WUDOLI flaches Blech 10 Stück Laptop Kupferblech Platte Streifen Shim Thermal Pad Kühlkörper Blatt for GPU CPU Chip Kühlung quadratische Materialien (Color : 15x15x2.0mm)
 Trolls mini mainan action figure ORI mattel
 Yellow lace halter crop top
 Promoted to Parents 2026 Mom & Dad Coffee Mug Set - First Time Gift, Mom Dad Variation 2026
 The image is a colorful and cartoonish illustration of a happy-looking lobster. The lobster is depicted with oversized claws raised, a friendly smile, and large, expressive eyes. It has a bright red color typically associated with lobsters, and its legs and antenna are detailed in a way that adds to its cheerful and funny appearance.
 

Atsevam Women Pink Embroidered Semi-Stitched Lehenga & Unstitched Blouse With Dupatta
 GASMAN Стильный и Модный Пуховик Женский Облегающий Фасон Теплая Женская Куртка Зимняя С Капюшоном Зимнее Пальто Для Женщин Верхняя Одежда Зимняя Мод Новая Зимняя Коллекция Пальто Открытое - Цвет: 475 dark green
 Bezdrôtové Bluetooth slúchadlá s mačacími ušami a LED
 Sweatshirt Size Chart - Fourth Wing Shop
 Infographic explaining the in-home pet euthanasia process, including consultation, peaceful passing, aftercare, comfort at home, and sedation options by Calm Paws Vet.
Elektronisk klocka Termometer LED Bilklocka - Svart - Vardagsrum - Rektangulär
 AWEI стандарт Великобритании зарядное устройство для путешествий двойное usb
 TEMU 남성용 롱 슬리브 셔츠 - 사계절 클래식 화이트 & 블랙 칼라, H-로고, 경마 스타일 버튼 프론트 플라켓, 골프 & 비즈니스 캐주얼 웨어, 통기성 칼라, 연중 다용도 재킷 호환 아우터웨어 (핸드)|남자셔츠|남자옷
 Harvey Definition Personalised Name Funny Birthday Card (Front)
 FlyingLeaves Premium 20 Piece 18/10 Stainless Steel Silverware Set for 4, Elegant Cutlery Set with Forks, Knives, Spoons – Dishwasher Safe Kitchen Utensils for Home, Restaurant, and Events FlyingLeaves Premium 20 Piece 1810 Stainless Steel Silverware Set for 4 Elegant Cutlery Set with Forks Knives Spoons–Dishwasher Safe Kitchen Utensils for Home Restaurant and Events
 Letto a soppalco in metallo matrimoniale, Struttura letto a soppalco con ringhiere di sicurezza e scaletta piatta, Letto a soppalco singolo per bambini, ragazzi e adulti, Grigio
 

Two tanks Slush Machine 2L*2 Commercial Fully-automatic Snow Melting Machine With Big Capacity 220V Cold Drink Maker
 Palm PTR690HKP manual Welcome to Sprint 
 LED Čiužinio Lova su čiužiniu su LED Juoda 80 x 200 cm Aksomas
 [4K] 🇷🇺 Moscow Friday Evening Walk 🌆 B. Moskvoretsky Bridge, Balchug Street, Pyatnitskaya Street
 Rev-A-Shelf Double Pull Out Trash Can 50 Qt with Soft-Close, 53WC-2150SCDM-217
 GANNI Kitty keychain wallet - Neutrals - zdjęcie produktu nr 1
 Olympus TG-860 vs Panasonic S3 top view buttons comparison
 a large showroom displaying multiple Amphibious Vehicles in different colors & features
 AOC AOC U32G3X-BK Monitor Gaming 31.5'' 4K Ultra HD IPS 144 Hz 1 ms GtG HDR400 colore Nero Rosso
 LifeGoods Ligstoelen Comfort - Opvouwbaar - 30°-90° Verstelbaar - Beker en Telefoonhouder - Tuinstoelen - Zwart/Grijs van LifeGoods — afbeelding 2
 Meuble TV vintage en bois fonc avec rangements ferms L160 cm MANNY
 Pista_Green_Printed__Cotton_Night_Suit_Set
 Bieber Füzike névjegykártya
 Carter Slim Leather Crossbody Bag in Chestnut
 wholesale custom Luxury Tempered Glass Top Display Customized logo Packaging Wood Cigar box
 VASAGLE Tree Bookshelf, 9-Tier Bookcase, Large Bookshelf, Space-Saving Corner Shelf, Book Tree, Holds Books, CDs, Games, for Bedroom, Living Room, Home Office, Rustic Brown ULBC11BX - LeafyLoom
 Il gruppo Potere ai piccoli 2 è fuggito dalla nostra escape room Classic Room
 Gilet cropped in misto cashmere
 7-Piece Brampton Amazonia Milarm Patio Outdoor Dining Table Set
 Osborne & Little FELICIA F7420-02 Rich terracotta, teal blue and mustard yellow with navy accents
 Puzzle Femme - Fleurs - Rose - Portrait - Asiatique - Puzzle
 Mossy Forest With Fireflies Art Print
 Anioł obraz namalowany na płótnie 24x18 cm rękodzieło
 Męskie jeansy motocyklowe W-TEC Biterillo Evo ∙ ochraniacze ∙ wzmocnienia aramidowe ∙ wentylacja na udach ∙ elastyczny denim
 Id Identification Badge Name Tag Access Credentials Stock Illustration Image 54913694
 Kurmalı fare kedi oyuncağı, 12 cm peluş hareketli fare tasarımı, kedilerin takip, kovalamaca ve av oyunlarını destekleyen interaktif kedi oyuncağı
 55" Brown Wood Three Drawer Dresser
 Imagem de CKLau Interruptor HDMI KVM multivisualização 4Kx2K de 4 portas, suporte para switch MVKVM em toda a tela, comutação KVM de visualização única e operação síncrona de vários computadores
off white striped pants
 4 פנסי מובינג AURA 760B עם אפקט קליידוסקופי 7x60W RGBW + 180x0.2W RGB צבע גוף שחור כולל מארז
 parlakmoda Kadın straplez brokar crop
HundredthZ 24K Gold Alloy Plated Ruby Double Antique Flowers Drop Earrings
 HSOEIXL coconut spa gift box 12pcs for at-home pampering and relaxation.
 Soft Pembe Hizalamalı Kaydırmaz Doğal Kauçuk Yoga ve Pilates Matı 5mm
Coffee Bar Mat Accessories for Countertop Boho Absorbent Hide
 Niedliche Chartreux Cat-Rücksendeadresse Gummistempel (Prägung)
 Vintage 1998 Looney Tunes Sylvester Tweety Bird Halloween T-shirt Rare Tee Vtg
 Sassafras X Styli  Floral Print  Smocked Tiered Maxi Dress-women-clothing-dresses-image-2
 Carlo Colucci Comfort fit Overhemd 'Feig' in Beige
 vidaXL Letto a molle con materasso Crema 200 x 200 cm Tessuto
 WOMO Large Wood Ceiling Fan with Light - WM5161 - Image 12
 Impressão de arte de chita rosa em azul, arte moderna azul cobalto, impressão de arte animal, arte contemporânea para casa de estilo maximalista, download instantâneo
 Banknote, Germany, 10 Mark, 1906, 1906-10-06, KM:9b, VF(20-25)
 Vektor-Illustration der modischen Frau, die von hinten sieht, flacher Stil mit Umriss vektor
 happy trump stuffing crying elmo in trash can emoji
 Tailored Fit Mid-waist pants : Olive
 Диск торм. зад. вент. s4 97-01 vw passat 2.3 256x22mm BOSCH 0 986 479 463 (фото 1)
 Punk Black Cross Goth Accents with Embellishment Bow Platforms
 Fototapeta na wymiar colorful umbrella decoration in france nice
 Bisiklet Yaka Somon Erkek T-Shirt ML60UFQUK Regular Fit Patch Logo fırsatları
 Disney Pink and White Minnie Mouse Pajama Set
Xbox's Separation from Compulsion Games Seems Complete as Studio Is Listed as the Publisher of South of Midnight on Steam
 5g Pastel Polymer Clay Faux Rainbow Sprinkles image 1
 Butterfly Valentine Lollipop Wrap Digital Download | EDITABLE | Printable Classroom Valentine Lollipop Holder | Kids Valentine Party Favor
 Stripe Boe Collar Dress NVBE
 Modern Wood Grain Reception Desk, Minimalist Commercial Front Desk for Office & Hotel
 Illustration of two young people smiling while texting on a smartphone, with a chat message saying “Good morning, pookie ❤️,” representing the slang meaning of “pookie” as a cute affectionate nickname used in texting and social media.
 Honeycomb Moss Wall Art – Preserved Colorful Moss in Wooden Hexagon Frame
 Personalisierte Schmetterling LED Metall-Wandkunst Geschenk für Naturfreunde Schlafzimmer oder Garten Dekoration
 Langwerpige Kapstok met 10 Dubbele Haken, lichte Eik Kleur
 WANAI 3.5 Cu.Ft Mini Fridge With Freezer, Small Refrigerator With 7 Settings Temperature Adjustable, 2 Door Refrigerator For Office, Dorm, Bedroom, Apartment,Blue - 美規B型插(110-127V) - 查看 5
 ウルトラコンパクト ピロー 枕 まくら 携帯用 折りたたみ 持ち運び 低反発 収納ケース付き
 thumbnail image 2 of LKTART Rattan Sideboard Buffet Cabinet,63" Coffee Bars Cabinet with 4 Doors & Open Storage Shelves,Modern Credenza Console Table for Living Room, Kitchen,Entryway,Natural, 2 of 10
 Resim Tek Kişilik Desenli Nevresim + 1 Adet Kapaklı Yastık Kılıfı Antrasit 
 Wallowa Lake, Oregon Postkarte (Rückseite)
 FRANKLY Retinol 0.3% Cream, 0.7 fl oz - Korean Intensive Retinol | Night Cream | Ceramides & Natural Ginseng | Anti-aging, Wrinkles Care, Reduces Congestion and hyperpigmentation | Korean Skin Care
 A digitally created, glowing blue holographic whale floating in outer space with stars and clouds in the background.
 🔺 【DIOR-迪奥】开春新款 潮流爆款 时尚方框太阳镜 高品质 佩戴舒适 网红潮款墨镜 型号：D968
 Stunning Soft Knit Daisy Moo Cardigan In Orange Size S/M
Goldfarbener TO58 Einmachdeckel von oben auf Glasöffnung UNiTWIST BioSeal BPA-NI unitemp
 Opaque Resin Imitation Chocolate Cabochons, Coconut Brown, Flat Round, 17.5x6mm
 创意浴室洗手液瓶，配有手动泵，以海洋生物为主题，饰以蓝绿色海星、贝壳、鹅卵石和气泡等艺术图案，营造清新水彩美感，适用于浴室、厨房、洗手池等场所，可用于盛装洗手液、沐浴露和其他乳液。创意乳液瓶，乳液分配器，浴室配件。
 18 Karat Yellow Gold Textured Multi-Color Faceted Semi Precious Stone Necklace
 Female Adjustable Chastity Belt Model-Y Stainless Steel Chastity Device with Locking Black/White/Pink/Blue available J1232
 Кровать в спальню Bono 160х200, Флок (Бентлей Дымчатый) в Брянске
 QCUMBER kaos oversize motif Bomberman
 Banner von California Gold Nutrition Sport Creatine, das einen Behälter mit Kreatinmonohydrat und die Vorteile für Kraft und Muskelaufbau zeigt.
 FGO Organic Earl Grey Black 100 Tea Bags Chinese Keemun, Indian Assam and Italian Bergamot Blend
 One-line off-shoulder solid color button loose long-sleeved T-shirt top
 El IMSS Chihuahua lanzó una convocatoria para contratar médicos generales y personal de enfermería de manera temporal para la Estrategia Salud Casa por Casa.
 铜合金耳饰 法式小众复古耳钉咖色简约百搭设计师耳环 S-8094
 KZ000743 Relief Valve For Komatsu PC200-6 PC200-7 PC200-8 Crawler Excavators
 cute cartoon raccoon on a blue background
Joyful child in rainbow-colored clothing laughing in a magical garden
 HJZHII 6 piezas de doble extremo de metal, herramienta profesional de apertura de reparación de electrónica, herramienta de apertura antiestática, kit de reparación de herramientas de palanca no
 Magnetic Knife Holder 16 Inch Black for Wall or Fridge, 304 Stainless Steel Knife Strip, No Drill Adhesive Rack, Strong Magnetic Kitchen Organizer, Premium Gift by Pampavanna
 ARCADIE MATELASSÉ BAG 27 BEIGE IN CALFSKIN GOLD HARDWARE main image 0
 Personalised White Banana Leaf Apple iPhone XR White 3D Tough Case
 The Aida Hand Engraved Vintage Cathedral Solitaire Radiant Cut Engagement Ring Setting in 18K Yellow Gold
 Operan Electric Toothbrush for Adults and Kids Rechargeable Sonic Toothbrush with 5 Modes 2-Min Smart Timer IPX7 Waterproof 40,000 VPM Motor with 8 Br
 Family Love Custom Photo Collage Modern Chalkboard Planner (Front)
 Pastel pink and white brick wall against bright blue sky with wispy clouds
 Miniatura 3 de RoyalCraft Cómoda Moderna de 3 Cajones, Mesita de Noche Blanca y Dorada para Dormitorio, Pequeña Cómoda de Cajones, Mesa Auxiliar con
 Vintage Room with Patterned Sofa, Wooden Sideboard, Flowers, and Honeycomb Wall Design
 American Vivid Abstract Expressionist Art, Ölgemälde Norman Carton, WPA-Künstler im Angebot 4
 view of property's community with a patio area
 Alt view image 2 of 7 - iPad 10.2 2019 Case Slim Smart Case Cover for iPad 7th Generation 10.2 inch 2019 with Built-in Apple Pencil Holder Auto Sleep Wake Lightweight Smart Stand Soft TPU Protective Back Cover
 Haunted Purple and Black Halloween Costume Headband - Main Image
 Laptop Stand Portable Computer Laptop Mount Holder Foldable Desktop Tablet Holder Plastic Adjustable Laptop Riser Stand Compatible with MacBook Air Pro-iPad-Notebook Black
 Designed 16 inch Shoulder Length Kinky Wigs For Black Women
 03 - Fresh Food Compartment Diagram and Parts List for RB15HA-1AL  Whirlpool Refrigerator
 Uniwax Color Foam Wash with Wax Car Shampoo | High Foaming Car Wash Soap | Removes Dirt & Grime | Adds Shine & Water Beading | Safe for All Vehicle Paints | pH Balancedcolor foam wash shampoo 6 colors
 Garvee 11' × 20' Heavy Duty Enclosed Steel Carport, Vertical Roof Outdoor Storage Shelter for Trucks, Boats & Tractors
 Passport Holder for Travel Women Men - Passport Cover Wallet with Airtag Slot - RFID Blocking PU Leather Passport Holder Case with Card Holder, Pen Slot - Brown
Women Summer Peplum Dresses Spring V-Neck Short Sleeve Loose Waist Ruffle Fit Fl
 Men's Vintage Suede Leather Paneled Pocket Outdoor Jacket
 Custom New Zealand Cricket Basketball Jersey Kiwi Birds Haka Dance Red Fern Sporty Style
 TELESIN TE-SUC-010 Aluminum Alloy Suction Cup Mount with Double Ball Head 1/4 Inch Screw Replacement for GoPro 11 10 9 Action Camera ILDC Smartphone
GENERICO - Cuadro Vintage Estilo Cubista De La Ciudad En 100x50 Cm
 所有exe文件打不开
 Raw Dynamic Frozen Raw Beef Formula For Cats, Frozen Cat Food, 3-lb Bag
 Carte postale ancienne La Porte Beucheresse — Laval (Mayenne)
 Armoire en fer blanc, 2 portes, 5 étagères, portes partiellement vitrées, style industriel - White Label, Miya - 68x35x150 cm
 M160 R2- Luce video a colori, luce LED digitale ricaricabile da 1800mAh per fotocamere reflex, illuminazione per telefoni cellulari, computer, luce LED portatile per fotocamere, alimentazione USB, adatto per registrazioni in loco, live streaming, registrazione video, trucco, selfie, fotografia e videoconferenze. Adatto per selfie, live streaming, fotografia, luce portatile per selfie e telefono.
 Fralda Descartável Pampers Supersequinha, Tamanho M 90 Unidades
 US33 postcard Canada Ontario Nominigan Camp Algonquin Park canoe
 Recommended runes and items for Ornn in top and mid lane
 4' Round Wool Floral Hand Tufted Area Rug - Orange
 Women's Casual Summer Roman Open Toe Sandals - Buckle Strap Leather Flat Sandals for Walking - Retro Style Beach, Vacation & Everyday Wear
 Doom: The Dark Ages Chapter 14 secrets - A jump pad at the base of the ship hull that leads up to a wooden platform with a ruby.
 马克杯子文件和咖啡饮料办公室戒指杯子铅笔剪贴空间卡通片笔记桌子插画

--

• [TASK TO COMPLETE]: What lines in the data above contain the word "Stand"? Show them all.

• [EXERCISE RESULT]:
 Alt view image 2 of 7 - iPad 10.2 2019 Case Slim Smart Case Cover for iPad 7th Generation 10.2 inch 2019 with Built-in Apple Pencil Holder Auto Sleep Wake Lightweight Smart Stand Soft TPU Protective Back Cover
 Laptop Stand Portable Computer Laptop Mount Holder Foldable Desktop Tablet Holder Plastic Adjustable Laptop Riser Stand Compatible with MacBook Air Pro-iPad-Notebook Black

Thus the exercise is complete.